A medida anunciada hoje, que acaba com a necessidade de autenticação pelas Juntas Comerciais de livros contábeis enviados à Receita Federal por meio do Sistema Público de Escrituração Digital, o Sped, será efetivada via decreto presidencial a ser publicado.

“Esse decreto acaba com a obrigatoriedade do livro contábil para quem está no Sistema Público de Escrituração Digital (Sped). Para quem não está no Sped, tem a opção de se modernizar e passar para o sistema digital”, disse Afif Domingos.

O ministro do Planejamento, Valdir Simão, ressaltou que o programa Bem Simples tem como objetivo identificar e eliminar a burocracia, que impacta no ambiente de negócios do país. "Essa agenda dialoga com a retomada de crescimento e geração de emprego", afirmou, recusando-se a comentar dados do emprego e arrecadação divulgados hoje.

"Queremos que essa agenda possa fazer com que a redução da burocracia se reflita num melhor posicionamento do Brasil do ponto de vista de competitividade", disse.

Afif disse ainda que na reunião de hoje ficou acertado que será posta em debate nas próximas reuniões do Conselho a questão da obrigatoriedade de publicações de micro e pequenas empresas em jornais de circulação nacional. "Vamos discutir isso", afirmou.

Afif Domingos afirmou que o governo tomou as medidas para simplificar o ambiente de negócios no país. “Os projetos visam a tirar o Brasil de métodos medievais e trazê-lo para a era digital. É eliminar burocracia que não faz nenhum sentido no mundo digital.”
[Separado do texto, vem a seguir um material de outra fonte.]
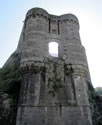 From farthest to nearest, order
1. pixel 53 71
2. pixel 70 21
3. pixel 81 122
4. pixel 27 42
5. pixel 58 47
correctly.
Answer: pixel 70 21 < pixel 58 47 < pixel 27 42 < pixel 53 71 < pixel 81 122

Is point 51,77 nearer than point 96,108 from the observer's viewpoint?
Yes

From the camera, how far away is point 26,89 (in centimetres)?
1170

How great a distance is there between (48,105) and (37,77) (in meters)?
3.16

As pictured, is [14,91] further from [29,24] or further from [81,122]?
[29,24]

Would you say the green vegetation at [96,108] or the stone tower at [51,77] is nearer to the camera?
the stone tower at [51,77]

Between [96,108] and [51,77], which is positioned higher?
[51,77]

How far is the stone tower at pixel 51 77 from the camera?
1098cm

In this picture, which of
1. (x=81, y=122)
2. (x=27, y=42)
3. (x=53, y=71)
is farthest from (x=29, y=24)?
(x=81, y=122)

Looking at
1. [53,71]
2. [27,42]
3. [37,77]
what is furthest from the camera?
[27,42]

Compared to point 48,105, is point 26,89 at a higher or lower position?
higher

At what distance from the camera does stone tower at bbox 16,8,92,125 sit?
10977 millimetres

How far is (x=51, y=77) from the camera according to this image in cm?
1303

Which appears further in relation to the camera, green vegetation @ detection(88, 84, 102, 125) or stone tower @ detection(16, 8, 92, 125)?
green vegetation @ detection(88, 84, 102, 125)

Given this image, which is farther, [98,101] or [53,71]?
[98,101] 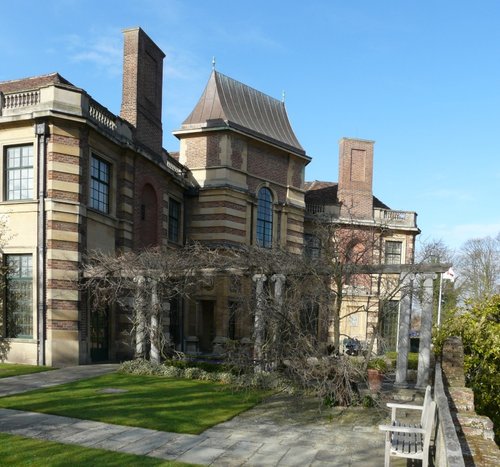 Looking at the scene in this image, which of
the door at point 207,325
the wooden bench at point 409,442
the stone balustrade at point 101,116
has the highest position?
the stone balustrade at point 101,116

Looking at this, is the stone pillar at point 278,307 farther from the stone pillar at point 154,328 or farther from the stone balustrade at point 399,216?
the stone balustrade at point 399,216

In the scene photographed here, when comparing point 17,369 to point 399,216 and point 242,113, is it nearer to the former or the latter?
point 242,113

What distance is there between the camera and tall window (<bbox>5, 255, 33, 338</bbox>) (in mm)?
16844

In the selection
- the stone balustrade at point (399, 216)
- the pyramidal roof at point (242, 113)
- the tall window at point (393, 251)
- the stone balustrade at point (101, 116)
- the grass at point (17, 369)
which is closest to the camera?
the grass at point (17, 369)

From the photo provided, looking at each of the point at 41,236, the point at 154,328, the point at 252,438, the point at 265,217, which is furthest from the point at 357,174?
the point at 252,438

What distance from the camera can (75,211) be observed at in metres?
16.8

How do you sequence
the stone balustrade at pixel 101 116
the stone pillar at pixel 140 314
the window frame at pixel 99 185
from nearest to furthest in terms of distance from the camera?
the stone pillar at pixel 140 314
the stone balustrade at pixel 101 116
the window frame at pixel 99 185

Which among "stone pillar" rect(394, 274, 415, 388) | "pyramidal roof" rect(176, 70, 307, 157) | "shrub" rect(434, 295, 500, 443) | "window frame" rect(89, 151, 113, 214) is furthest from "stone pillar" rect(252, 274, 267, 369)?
"pyramidal roof" rect(176, 70, 307, 157)

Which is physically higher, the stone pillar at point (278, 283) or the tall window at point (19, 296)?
the stone pillar at point (278, 283)

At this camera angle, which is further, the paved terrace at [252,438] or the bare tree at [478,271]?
the bare tree at [478,271]

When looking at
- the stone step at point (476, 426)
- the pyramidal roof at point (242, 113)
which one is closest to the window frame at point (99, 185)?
the pyramidal roof at point (242, 113)

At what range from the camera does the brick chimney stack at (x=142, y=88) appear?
21234 mm

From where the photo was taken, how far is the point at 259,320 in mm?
14203

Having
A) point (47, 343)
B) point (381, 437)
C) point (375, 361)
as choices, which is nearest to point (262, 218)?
point (375, 361) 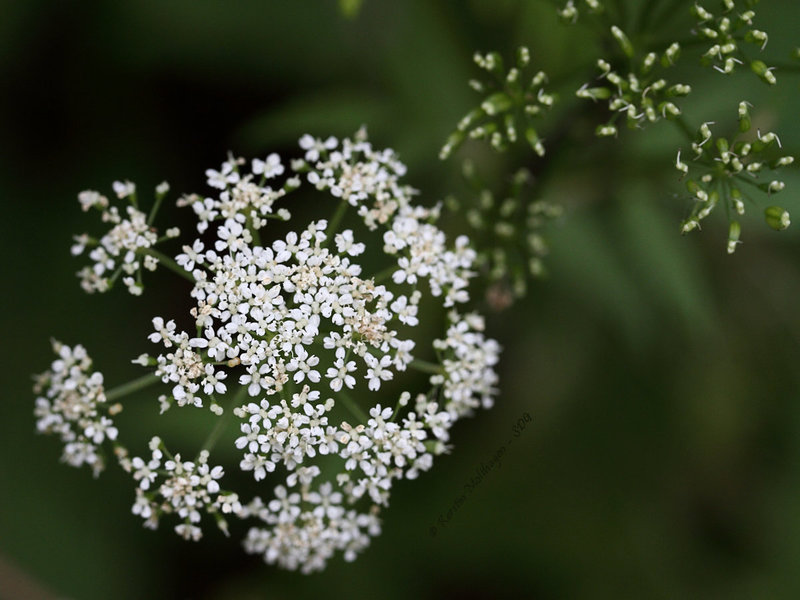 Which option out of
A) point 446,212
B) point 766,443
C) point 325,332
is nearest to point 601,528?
point 766,443

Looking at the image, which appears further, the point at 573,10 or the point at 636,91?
the point at 573,10

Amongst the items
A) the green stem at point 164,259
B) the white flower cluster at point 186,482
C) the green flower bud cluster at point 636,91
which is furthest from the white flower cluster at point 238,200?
the green flower bud cluster at point 636,91

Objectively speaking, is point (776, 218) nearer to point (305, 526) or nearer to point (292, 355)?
point (292, 355)

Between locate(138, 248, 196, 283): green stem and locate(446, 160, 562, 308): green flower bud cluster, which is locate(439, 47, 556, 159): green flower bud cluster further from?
locate(138, 248, 196, 283): green stem

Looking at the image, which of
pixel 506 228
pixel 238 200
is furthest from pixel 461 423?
pixel 238 200

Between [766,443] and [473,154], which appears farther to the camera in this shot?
[766,443]

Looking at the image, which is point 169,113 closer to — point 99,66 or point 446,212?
point 99,66

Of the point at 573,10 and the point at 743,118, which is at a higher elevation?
the point at 573,10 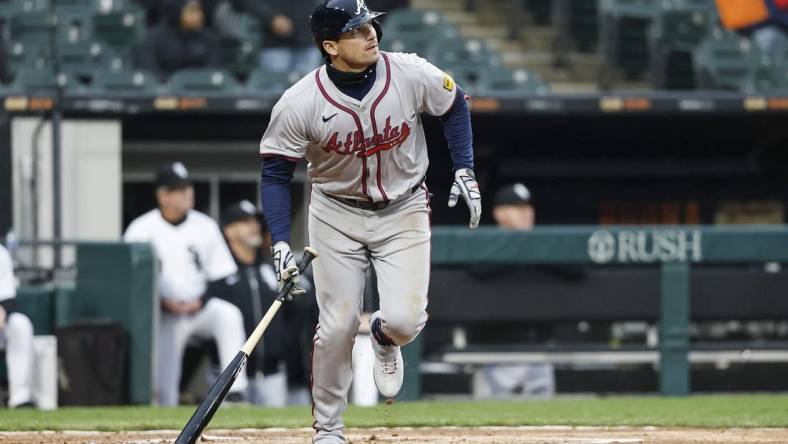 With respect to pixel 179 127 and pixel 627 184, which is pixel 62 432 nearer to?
pixel 179 127

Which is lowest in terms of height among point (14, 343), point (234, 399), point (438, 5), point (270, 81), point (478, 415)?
point (234, 399)

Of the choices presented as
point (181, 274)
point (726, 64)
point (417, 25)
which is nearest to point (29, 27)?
point (417, 25)

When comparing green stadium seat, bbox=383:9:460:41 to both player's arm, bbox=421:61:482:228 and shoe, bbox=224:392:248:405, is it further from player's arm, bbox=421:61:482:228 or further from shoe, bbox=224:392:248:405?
player's arm, bbox=421:61:482:228

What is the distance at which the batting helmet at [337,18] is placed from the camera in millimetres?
5254

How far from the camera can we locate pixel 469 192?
548 centimetres

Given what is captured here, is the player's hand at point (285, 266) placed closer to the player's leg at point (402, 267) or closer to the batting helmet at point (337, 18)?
the player's leg at point (402, 267)

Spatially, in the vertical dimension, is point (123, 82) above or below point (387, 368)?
above

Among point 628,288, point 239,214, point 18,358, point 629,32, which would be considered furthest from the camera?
point 629,32

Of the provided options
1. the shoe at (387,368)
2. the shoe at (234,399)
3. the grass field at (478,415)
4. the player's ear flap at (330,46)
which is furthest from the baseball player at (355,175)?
the shoe at (234,399)

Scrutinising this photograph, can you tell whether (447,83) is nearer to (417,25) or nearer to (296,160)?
(296,160)

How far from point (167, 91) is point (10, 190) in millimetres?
1301

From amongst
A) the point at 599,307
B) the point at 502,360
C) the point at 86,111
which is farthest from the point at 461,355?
the point at 86,111

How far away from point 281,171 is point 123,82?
5.68 meters

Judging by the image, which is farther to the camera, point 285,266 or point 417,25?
point 417,25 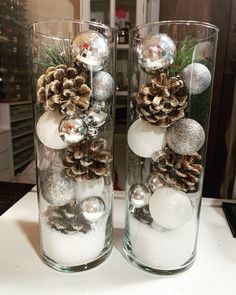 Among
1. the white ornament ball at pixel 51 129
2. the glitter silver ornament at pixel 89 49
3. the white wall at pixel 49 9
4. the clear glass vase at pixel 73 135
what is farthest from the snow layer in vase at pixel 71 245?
the white wall at pixel 49 9

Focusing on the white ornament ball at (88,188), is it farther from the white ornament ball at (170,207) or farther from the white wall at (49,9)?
the white wall at (49,9)

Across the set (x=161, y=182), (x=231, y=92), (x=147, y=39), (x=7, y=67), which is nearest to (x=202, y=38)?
(x=147, y=39)

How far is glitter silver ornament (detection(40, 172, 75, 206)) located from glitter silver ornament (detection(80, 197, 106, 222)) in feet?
0.07

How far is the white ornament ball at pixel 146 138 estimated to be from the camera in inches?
14.2

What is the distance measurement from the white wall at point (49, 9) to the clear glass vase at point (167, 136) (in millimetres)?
566

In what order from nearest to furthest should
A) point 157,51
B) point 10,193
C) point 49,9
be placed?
point 157,51 → point 10,193 → point 49,9

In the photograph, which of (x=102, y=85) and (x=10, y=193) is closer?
(x=102, y=85)

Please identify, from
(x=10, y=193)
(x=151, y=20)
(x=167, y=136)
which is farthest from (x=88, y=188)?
(x=151, y=20)

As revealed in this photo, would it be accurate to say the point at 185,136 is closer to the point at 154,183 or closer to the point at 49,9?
the point at 154,183

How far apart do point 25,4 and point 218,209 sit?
2.84 feet

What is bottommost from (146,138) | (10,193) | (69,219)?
(10,193)

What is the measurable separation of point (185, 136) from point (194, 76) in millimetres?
74

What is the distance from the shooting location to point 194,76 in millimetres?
343

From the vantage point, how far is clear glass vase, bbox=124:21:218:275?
344mm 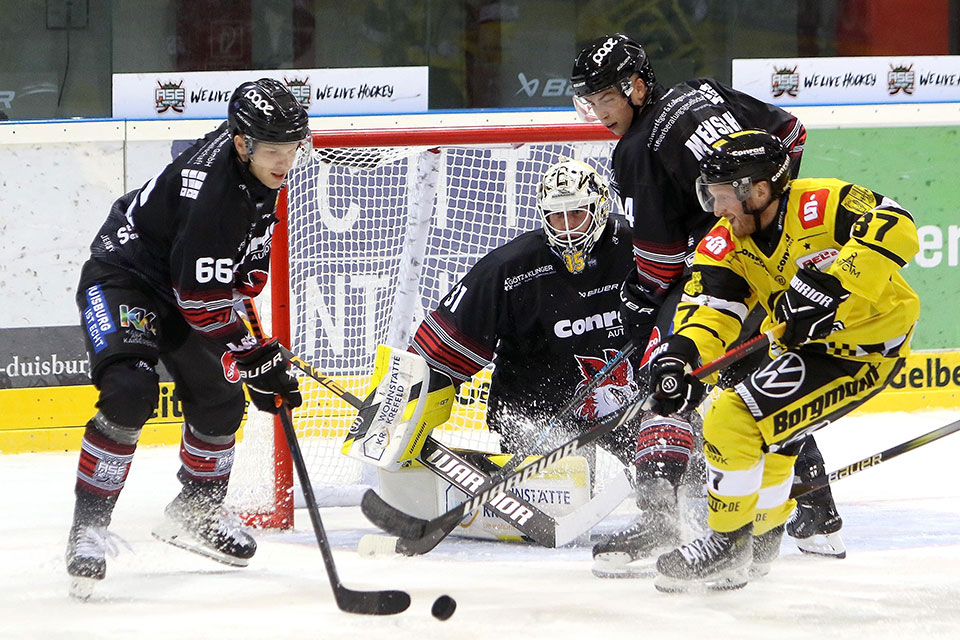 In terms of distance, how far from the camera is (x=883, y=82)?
5309 mm

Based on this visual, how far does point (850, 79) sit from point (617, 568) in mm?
3089

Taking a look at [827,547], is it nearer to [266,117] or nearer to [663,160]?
[663,160]

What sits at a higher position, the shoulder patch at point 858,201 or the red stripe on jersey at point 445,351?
the shoulder patch at point 858,201

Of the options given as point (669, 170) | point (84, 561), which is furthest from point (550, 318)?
point (84, 561)

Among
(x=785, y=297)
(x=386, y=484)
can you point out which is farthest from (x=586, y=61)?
(x=386, y=484)

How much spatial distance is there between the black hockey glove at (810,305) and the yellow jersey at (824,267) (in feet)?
0.10

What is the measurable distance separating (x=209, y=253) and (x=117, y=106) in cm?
241

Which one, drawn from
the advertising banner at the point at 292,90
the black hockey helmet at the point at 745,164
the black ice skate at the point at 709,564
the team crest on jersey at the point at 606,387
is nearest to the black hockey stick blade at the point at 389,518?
the team crest on jersey at the point at 606,387

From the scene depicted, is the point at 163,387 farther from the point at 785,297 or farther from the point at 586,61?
the point at 785,297

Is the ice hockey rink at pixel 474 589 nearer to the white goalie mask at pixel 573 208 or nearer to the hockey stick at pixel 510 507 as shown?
the hockey stick at pixel 510 507

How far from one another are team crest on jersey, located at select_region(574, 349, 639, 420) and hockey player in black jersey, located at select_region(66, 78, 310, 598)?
0.96 metres

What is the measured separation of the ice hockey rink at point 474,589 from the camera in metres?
2.45

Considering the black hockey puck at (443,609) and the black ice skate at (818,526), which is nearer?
the black hockey puck at (443,609)

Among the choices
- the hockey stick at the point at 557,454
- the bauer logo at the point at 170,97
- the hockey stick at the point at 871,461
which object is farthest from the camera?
the bauer logo at the point at 170,97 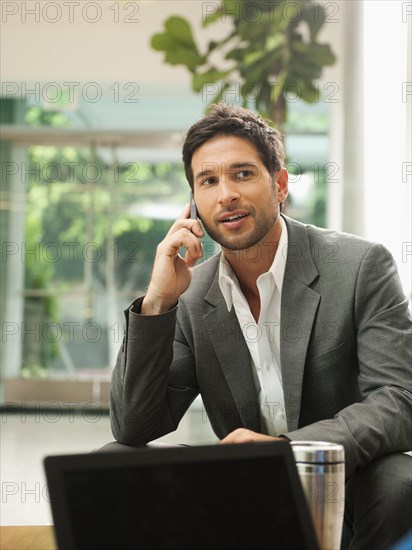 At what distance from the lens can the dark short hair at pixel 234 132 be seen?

A presidente também assinou decreto que internaliza resolução do Mercosul para simplificação de procedimentos aduaneiros. “Esse decreto homologa uma decisão do Mercosul de criar um sistema simplificado de aduana entre os países o que vai facilitar muito a entrada da micro e da pequena empresa no comércio internacional”, disse Afif.

Dilma também vai encaminhar ao Congresso Nacional projetos de lei em regime de urgência que desburocratizam a legislação de armazéns gerais e da profissão dos tradutores juramentados e leiloeiros.

BEM MAIS SIMPLES
O governo lançou, em fevereiro do ano passado, o Programa Bem Mais Simples Brasil e o Sistema Nacional de Baixa Integrada de Empresas, com medidas para desburocratizar os processos para abertura e fechamento de pequenas e médias empresas.


O Bem Mais Simples prevê medidas como redução da papelada necessária para abrir um negócio, unificação de cadastros, agrupamento de serviços públicos para os empreendedores em um só lugar e o fim de exigências que se tornaram dispensáveis com o uso de novas tecnologias, como a internet.